In the Create Your Own Animal project, a student creates a never-before-discovered animal and develops a report about this animal. The child can use drawings, charts, graphs, models, dioramas and written description in the report. All aspects of the animal should be reported, such as appearance, diet, habitat, life cycle, community structure, hunting or foraging habits, population status, other organisms the animal interacts with, and how the animal and its environment is impacted by changes in the environment.
To make the project even more challenging, have the student report on the animal during a classroom presentation. Classmates could prepare questions about the animal and its environment to be answered after the presentation.
Similar to the Create Your Own Animal project, students could also develop a report and presentation on a living animal for a biodiversity project. By creating charts, graphs, illustrations, written descriptions, models, dioramas or multimedia presentations, students could educate other classmates about their particular animal.
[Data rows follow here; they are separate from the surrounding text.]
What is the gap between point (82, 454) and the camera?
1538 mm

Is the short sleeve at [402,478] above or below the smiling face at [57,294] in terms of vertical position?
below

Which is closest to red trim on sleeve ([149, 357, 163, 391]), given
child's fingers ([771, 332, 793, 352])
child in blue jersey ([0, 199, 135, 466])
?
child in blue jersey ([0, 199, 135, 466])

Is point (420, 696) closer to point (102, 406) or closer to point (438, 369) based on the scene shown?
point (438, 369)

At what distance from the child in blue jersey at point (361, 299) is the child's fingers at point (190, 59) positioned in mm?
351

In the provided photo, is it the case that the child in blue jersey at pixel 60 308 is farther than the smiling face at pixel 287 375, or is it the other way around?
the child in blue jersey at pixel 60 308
The species' name -- both common and scientific -- the scientific classification, native and adopted habitats as applicable, how humans' presence impacts the animal, and how the animal contributes to its environment and the other species it lives with are all relevant elements students could discuss in a report.
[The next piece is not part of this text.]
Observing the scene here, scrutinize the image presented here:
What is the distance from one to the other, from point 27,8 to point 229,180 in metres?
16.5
Creating a species charades game is a fun project for artists, performers and anyone who loves to play games. Children could make a list of the different animals studied in class. They could also include species familiar to most children, such as dogs and cats. For each species, the children could make a charade card describing and naming it. The description could include the animal's diet, appearance, habitat, other species it interacts with and behaviors particular to the animal.
Species charades is played like regular charades except that the performer takes a species card, reads it and then acts out the description written on the card.
Particularly ambitious students or classes could make terrariums. Terrariums are miniature biomes where only a few species live. A terrarium might include plants, fish, amphibians, reptiles, insects, arachnids, crustaceans or gastropods. The environment might have a section of water and an area of sand, or only water, or a type of sand or dirt. The terrarium case can be purchased from a store, made inexpensively from products found at a home and garden store or can be constructed using items found around the house, like large jars.
Once the terrarium is constructed, students may need to keep the environment clean or may need to feed some of the species, depending on the biome inhabiting the terrarium. Students can observe and record how the species interact, behave, thrive or struggle.